There are no easy answers when it comes to alleviating the tensions between Israelis and Palestinians. One aspect of our Quaker faith that I appreciate is that we do not tend to expect or rely on easy solutions. We trust the Spirit to move through and among us at its own pace, and we try to pay attention. Palestine and Israel: A Personal Encounter is Quaker educator Max Carter’s sharing of what he has learned from several decades of paying attention to people of good will on the conflict of that region. At one point, Carter quotes an Israeli politician as saying, “‘We suffer from the fact that there are two narratives of the history and experience here that are both true—but don’t meet.” One gift of the book is that Carter offers stories and reflections that share a variety of perspectives, while allowing readers to draw their own conclusions.
Carter’s stories about his interactions have many connections to Quaker values. I particularly enjoyed his many stories that centered on nonviolent philosophy and action. He shares stories of his students at Ramallah Friends School in the 1970s not coming to school one day as a show of solidarity, and remaining silent on another day in commemoration of their relatives in Jordan about whom they had no information. He emphasizes the nonviolence at the heart of the Intifada, and observes that reclaiming the dabke dance was a form of Palestinian resistance. At several points, Carter shares ways that Quakers have been called on to play a special role in the region. He writes that during a 2002 visit with the Ford Foundation in Egypt, Quakers were encouraged “to be a moral voice in the conflict.” On that same trip, a Birzeit University scholar shared his view that “America has two souls: one that destroyed the Indians and one represented by the Quakers.” This book serves as an invitation to Friends to open our hearts and minds and do all we can to support a just peace.

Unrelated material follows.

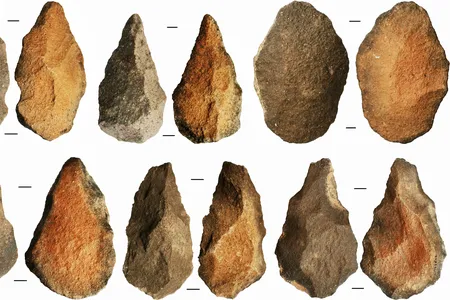 Early humans made stone tools out of whichever rocks happened to be lying nearby, ignoring quality in favor of convenience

Personally, I appreciated how many parallels there are between Carter’s decades worth of time in the region and my experience there in the summer of 2018. Politically speaking, in his experience and mine, there was frustration and cynicism about the Oslo Accords, the corruption of Palestinian and Israel politicians, and the credibility of the United States to serve as a broker in a peace process. Carter talks about a meeting he attended in which they discussed “the strategic location of the spreading Israeli settlements, and the unlikely possibility that a viable Palestinian state could be created out of such a fragmented whole.”
The commitment to nonviolence among Palestinians was a prominent theme of my experience, and it shows up throughout Carter’s many years of living in and visiting the region. In 1970 his students’ reflection on the terrorism they were hearing about in the news ended with “we hope nobody is hurt.” In his visits in 1988 and 2002, he heard from Palestinians who shared that they had no ill will toward Israelis, which was strikingly consistent during my visit. Palestinians were frustrated with Israeli leaders and policies but made a point to always say that they held no anger toward Israeli citizens or Jewish people. From a trip in 2004, Carter shares the Ramallah mayor’s hopes for coexistence between Israelis and Palestinians.
There’s an old saying that goes, “It always seems impossible until it’s done.” I think of this quotation often when it comes to working toward a just peace between Israelis and Palestinians. In Palestine and Israel, Carter offers a window into that brighter future through his conversations with individuals on the ground who can imagine and are working toward a more just and loving world.
Lauren Brownlee is a member of Bethesda (Md.) Meeting and has served on the Peace Committees of both her monthly and yearly meetings (Baltimore Yearly Meeting).